Rosa nickte: »Das legt den Schluss nahe, dass sie es eilig hatten, die Leichen zu verscharren, und dass sie keine große Sorge hatten, dass jemand aus dem Dorf dort oben herumschnüffeln und das Grab entdecken würde.«
»Weil es unter Umständen alle im Dorf gewusst haben und keiner heiß darauf war, das dunkle Geheimnis wieder aufzudecken«, vollendete Liebhart ihre Gedanken. »Diese Nachricht aus dem Brustkreuz … Ich denke, wir müssen von einem Verbrechen ausgehen, das 1919 im Kahlenbergerdorf verübt wurde, und das Wissen um diese Tat wurde über die Kinder an die Enkelkinder weitergegeben. Es muss etwas unvorstellbar Grausames gewesen sein, wenn die Bewohner noch heute alles dafür tun, es geheim zu halten …«
In der Mitte des Hofes, weitab von der beige gestrichenen Holzvertäfelung des Speisesaales, gloste eine offene Feuerstelle. Ein metallener Grillrost lag darauf, und der Geruch von pikant gewürztem Fleisch stieg verführerisch auf.
»Ich bin mit dem Tagebuch durch«, wechselte Rosa das Thema. »Andrzej hat der alten Frau Zehetmair einen Besuch abgestattet, bevor sie verbrannt ist. Er war auch bei ein paar anderen Familien im Kahlenbergerdorf, die er verdächtigt hatte, mit der Ikone etwas zu tun zu haben. Ihre Namen sind: Ritzberg, Hofmacher, Setzensberger, Brandstätter.«
»Denen statten wir morgen einen Besuch ab. Da ist Sonntag, die Chance, sie zu Hause anzutreffen, ist dann größer.«
»Habt ihr schon eine Übersetzung des botanischen Atlasses bekommen?«
»Leider nein, es gibt auch keine. Deswegen wird das Buch jetzt übersetzt, das wird aber mit Sicherheit noch einmal etwas dauern.«
»Was hat denn die Feuerwehr zur Brandursache im Haus der Zehetmair und im Pfarramt gesagt?«, wollte Rosa wissen, kannte aber die Antwort bereits.

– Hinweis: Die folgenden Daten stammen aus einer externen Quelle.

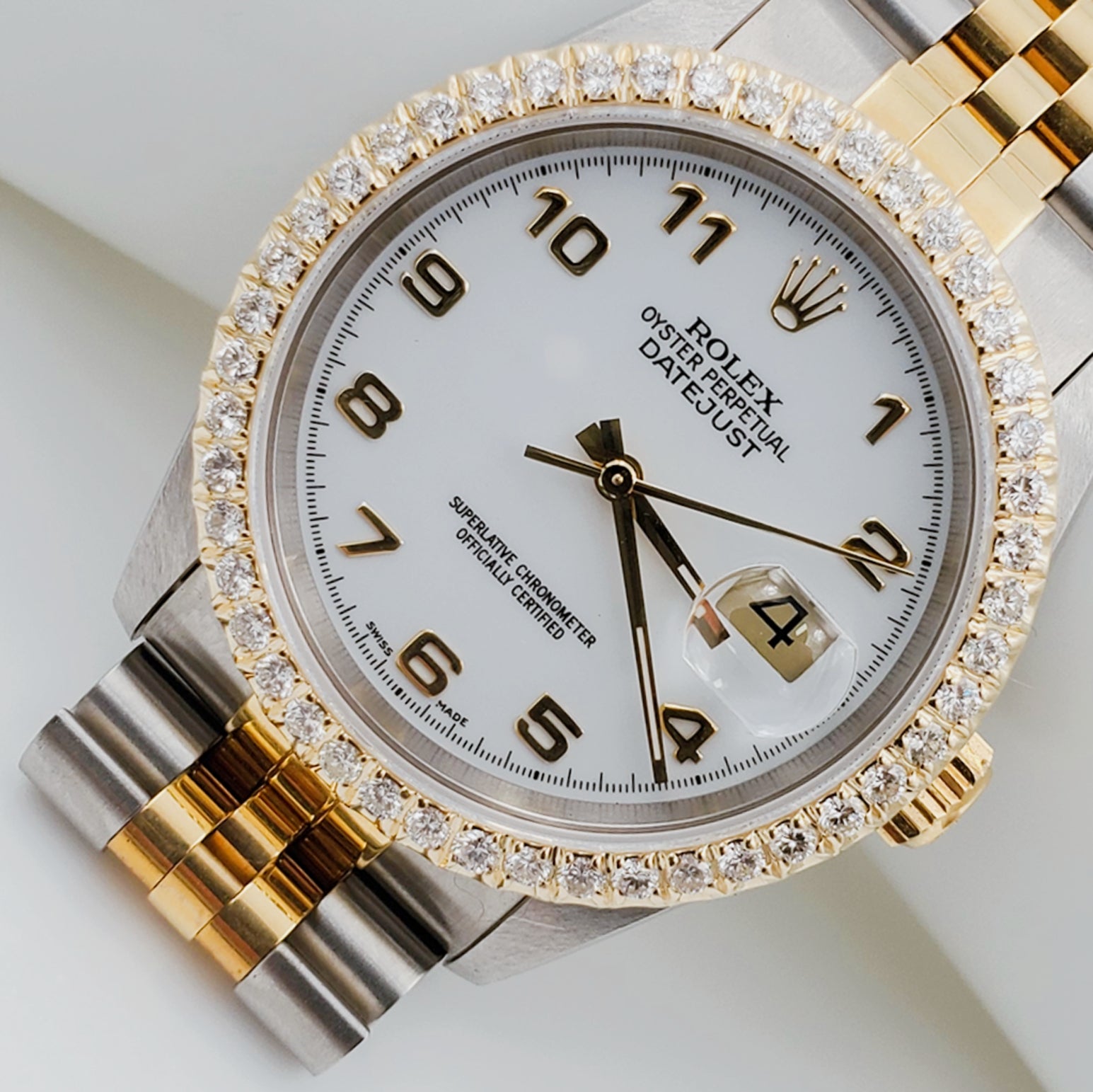 Men's Rolex 36mm DateJust 18K Gold / Stainless Steel Two Tone Watch with White Dial and 1.5 CT Custom Diamond Bezel. (NEW 16233)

Liebhart schnaubte verächtlich. »Natürlich haben sie alles gründlich untersucht und keinen Hinweis auf Brandstiftung gefunden. Im Pfarramt sollen eine defekte Gasleitung und das Teelämpchen unter einem Stövchen die Explosion verursacht haben.« Er wandte sich seiner Frau zu, die ihn sanft auf den Arm getippt hatte.
Der rechteckige Himmel, gefangen zwischen den Mauern des »Wilden Hundes«, wurde von großen Sternen durchlöchert. Die Nacht war so klar, dass Rosa sogar die Milchstraße wie einen dünnen Schleier erkennen konnte. Aus dem Speisesaal im hinteren Teil des ehemaligen Gasthauses drang Musik. Die Fenster waren weit geöffnet, die bis zum Boden reichenden Glastüren aufgezogen und zusammengefaltet worden.
Liebhart war seiner Frau auf die Tanzfläche gefolgt. Rosa beobachtete die beiden, wie sie sich zur Musik im Kreis drehten. Sie dachte an Daniel Mühlböck und stellte sich vor, dass sie mit ihm unter den weit ausladenden Bäumen tanzen würde.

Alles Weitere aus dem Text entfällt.